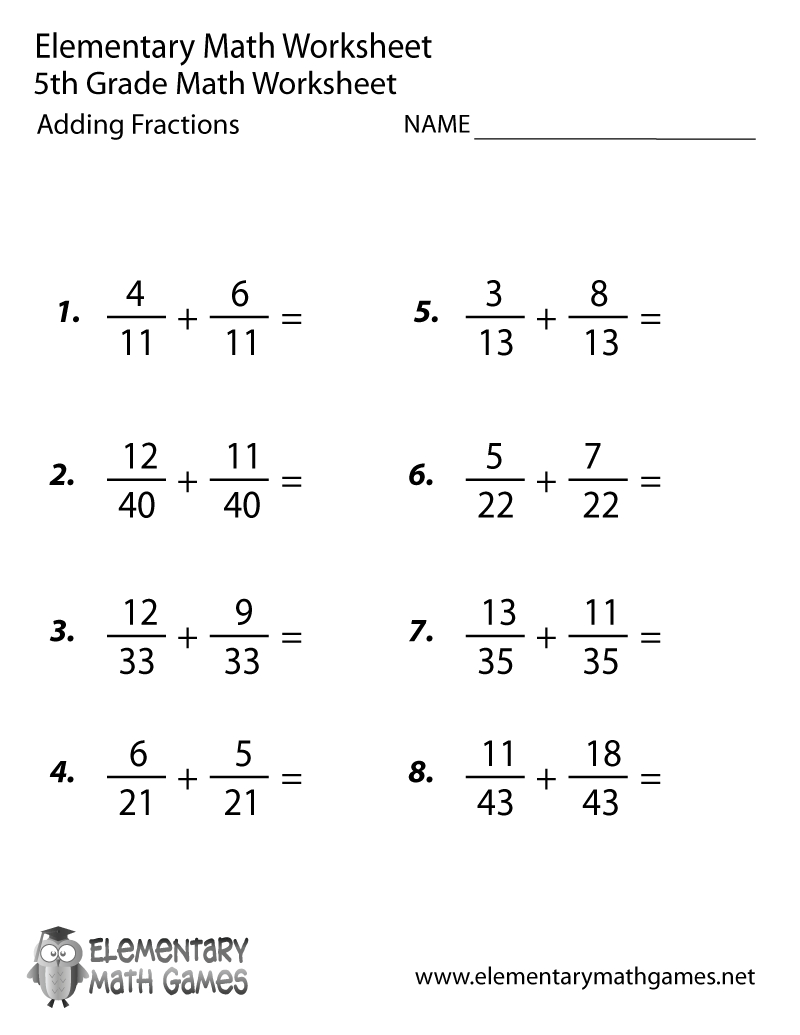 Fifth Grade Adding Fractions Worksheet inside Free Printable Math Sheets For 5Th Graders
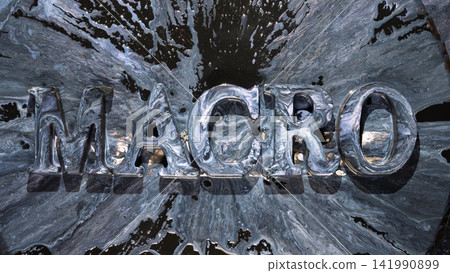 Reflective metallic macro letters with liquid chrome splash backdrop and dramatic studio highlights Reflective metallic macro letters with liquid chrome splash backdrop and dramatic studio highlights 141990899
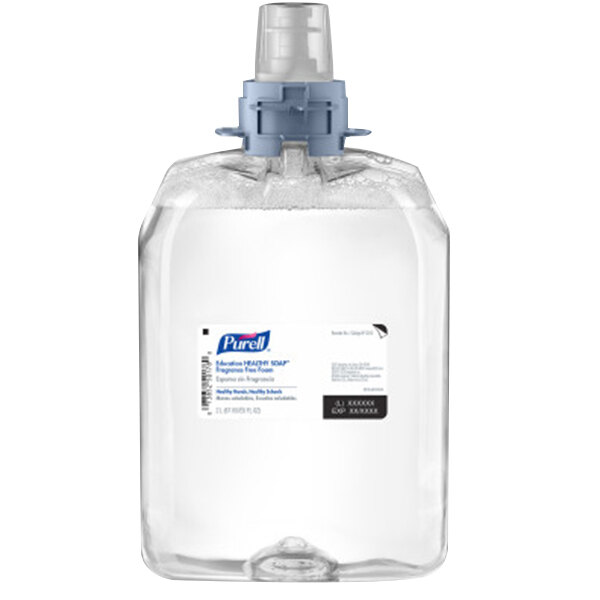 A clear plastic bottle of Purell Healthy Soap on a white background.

****************

### WHAT IS BEING ASKED
Copy all of the material word for word, and include none of its pictures.

### REPLY TO THE EXERCISE
 Fifth Grade Adding Fractions Worksheet inside Free Printable Math Sheets For 5Th Graders
 Reflective metallic macro letters with liquid chrome splash backdrop and dramatic studio highlights Reflective metallic macro letters with liquid chrome splash backdrop and dramatic studio highlights 141990899
 A clear plastic bottle of Purell Healthy Soap on a white background.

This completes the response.